O golpe de 1º de abril encontra uma imprensa servil em Pernambuco. A complacência dos grandes jornais teve sua própria marca em Pernambuco. O Diário da Noite e o Jornal do Commercio pertenciam a grupo Pessoa de Queiroz. O Diário de Pernambuco pertencia aos Diários Associados. Ambos os grupos, embora dependentes em parte de concessões oficiais, mantinham à frente de suas editorias consagrados jornalistas de tendências reacionárias, portanto identificados com o golpe militar. No entanto, nos primeiros momentos do golpe, esses grupos tinham poucas informações a respeito do papel dos militares ante a ilegalidade do movimento. Por isso, ficaram à espreita, em cima do muro, no primeiro de abril de 1964.

Caso emblemático é a posição do grupo Jornal do Commercio, como conta o advogado Paulo Cavalcanti no livro O Caso Eu Conto Como o Caso Foi.
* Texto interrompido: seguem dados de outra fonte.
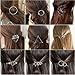 ANBALA 14pcs Minimalist Dainty Silver Geometric Metal Hairpin Hair Clip Clamps for Women, Circle, Triangle, Rhombus, Star, Moon, Diamond, Infinity etc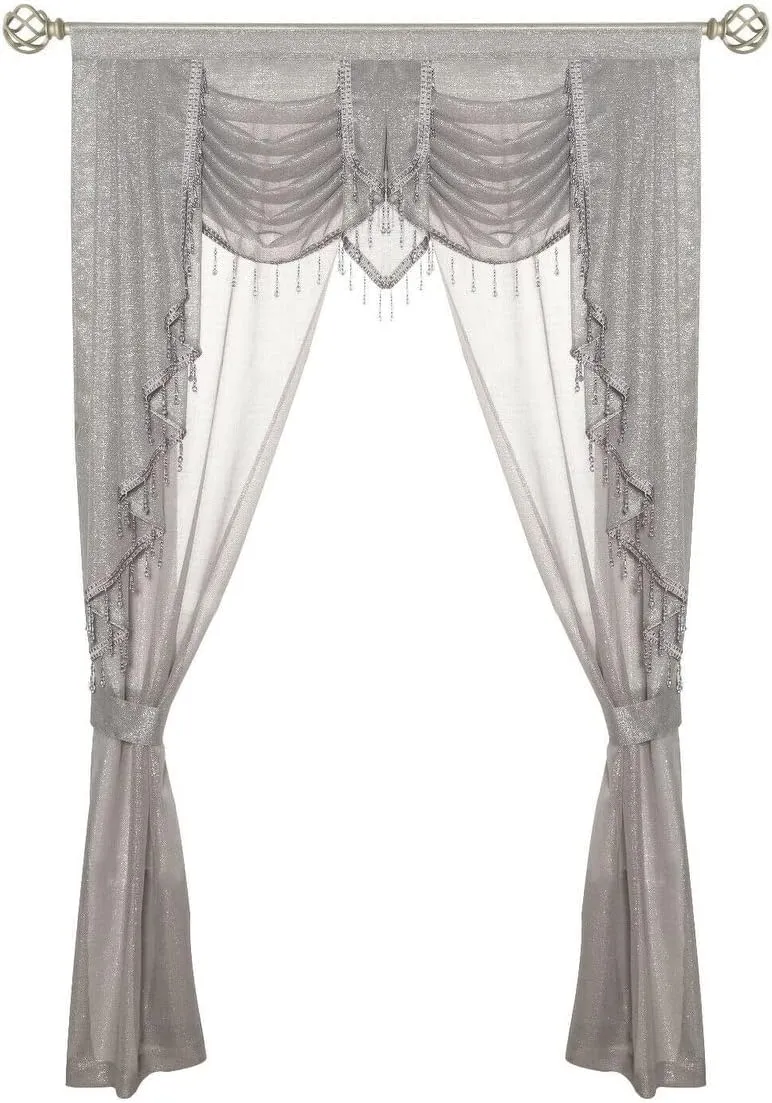 Overstock Kate Aurora Ultra Glam Beaded Sparkly Sheer Window in a Bag Curtain Set - 58 in. W x 84 in. - 58 in. W x 84 in. Grey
Seu presidente, F. Pessoa de Queiroz, fora eleito senador pelo principal partido de sustentação do governo Goulart, o PTB, talvez por isso mesmo, arriscou publicar em seu vespertino daquele dia a seguinte nota, cujo teor dúbio poderia agradar ou não desagradar a qualquer dos lados: “ – deveremos, todos os nordestinos, testemunhar nosso reconhecimento aos chefes militares do IV Exército, ao seu comandante principalmente, que, com serenidade, mas energia, assegura a esta região, em meio à confusão da hora presente, um clima que,intranqüilo embora, é de garantia e ordem”.

Nos dias seguintes, consolidado o golpe militar, os jornais de Pernambuco, como de resto, os autoproclamados grandes do Sul e Sudeste, também consolidaram seu reacionarismo e, mais que isso, sua cumplicidade com a autocracia emergente, refletida em ridículas manchetes encaminhadas pelos milicos, como: – apreendidos pelo Exército 10 mil uniformes dos guerrilheiros de Arraes! – Diretor da Loteria do Estado foge com 60 milhões! – Material subversivo encontrado nos veículos do Movimento de Cultura Popular! – O Exército prende 8 estrangeiros que atuavam no campo! – Inúmeros democratas seriam fuzilados pelos comunistas! – Dólares falsos trazidos por chineses iriam custear a revolução comunista! – Cem veículos da Sudene foram usados pelos comunistas para transportar armas para o campo! – cédulas com a foice e o martelo seriam usadas como dinheiro pelos comunistas!